Showing posts with label kissinger. Show all posts
Showing posts with label kissinger. Show all posts

Saturday, April 21, 2007

After the Neocons, What?


Illustration (c) The Economist 2007
American idealism remains as essential as ever, perhaps even more so. But in the new world order, its role will be to provide the faith to sustain America through all the ambiguities of choice in an imperfect world. Traditional American idealism must combine with a thoughtful assessment of contempory realities to bring about a usable definition of American interests. Henceforth, ... the fulfillment of America's ideals will have to be sought in the patient accumulation of partial successes.
--Henry Kissinger, Diplomacy (1994)

In this week's Economist magazine, the columnist "Lexington" points out the amazingly swift decline in influence of the Republican "neoconservative" movement over the past three years. Rumsfeld "resigned"; Wolfowitz disgraced by nepotism; Libby convicted; Conrad Black on trial for fraud; Dick Cheney himself so unpopular that even BYU students have protested against his appearance on campus. Neoconservatism began, Lexington observes, as a "critique of the arrogance of power." It ironically ends in confusion and disgrace, resulting from its adherents' own arrogance.

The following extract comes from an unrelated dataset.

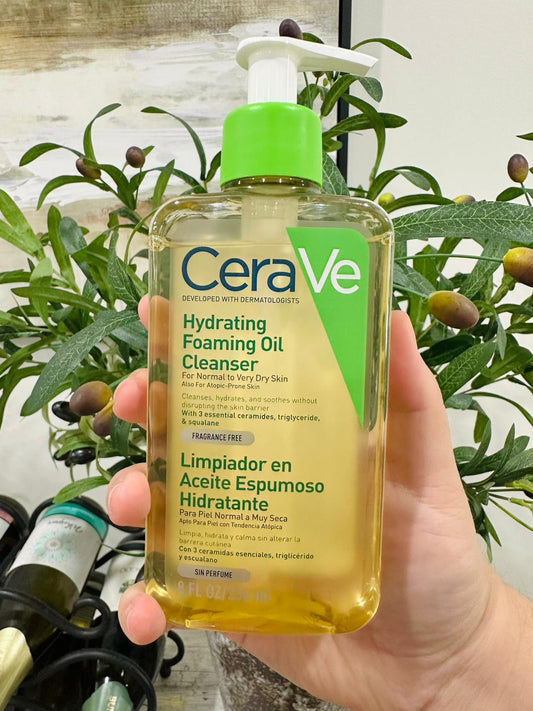 CeraVe Hydrating Foaming Oil Cleanser 236mL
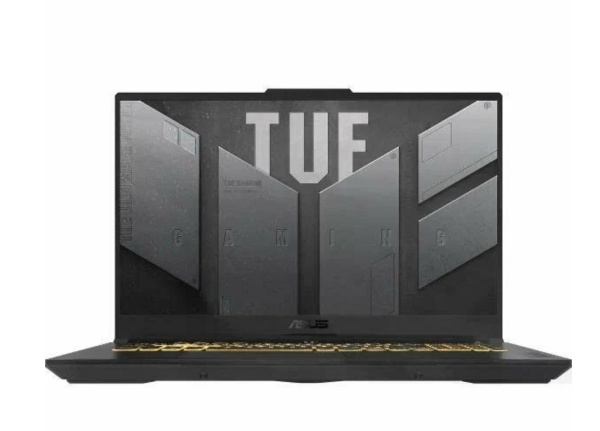 Ноутбук Asus TUF Gaming F17 FX707VJB-HX099 17.3"FHD(1920x1080) IPS/Core 5 210H 8с/16Gb/512Gb SSD/RTX фото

The British magazine suggests that American foreign policy is now returning to the "realism" that British diplomacy has always embraced. "Britain does not have friends, only interests," remarked the nineteenth century prime minister, Lord Palmerston. Lexington feels that Condolezza Rice herself "is returning to her 'realist' roots at the State Department, now that Mr. Rumsfeld is out of her hair."

Well, I'm not so confident that Condi's embrace of neoconservatism was merely a tactical tool that permitted her to survive in a neoconservative administration. However, I'm willing, for a short period, to give her the benefit of the doubt. (I may just have a weakness for attractive Stanford grads who play Brahms when they aren't plotting invasions.) We shall see.

In any event, a full Palmerstonian "realism" is not the only alternative to our current foreign policy of imposing "democracy" on other cultures by devastating them. Henry Kissinger, who never ranked high in my pantheon of heroes -- but certainly was no idiot, either -- pointed the way to a more "nuanced" (the word that drives George Bush crazy) foreign policy in his history of American diplomacy. If "realism" is conceived as a foreign policy whose only objective is maintaining American security in a hostile world -- or more broadly, as also protecting American business interests abroad -- we have not pursued a purely realistic foreign policy for many decades, if ever.

American diplomacy has always been concerned with pursuing both friends and interests.

Most Americans care about the welfare of people throughout the world. They've proved their concern within the past two or three years by their outpouring of contributions to aid victims of the tsunami in India, Sri Lanka, Thailand, and Indonesia, and of the earthquake in Kashmir. They care about people living in areas that have no oil, no wealth, no conceivable strategic value to American geopolitics -- places like Darfur in Africa. When Americans seem not to care, it is more apt to be because they do not know of human suffering, not because they don't care about it.

The first duty of foreign policy, of course, is always to protect against direct threats to the security of the United States. But this country is the undisputed superpower of the world. Threats to national security are not the major concern that they were during the Cold War. (Terrorist threats pose what is largely a police problem, I would argue, not a foreign policy problem.) Our country is therefore free to pursue idealistic goals as well -- promoting freedom from poverty and starvation, minimizing threats of warfare, encouraging development of democratic forms of government that are consistent with each country's culture and values.

As Kissinger suggested, such a foreign policy can't be based on military threats, let alone military invasions. It can't be based on hostile embargoes and isolation, such as we have futilely imposed on Cuba for nearly a half century. Instead, it should be based on careful delivery of foreign aid, on help with education, on encouragement of other countries in developing their own skills and resources. It should be based on enthusiastically inviting foreign study in the United States, and the study overseas of American students -- not on crippling such international student exchanges by impossible visa requirements and quotas. It should be based on a sincere effort -- by government and citizens -- to appreciate the values of other cultures, a willingness to work with other cultures within those values, while maintaining faith in our own values, and the humility to recognize that other nations have histories far longer than our own. The temporary fact that their people do not all own iPods does not mean that their national (or tribal) experiences have been worthless, or have taught them nothing.

And as Kissinger concludes, patience is a virtue. A series of gradual successes should be our goal, not the overnight kind of "success" that we sometimes seem to think we must achieve by invading a nation, or assassinating its leaders. Societies evolve, they rarely change radically within a decade. Like every other country, we have the right to encourage such evolution. We have no right to impose it, and we have little hope of long-term success when we try.


The neocons waited for decades for their moment. They seized the opportunity that the Bush adminstration provided, botched it, demonstrated the fallacies of their ideas, and are now getting the boot. Let's pray for a more carefully reasoned foreign policy, more consistent with American ideals and less impatient in its demands for instant success, in the years to come.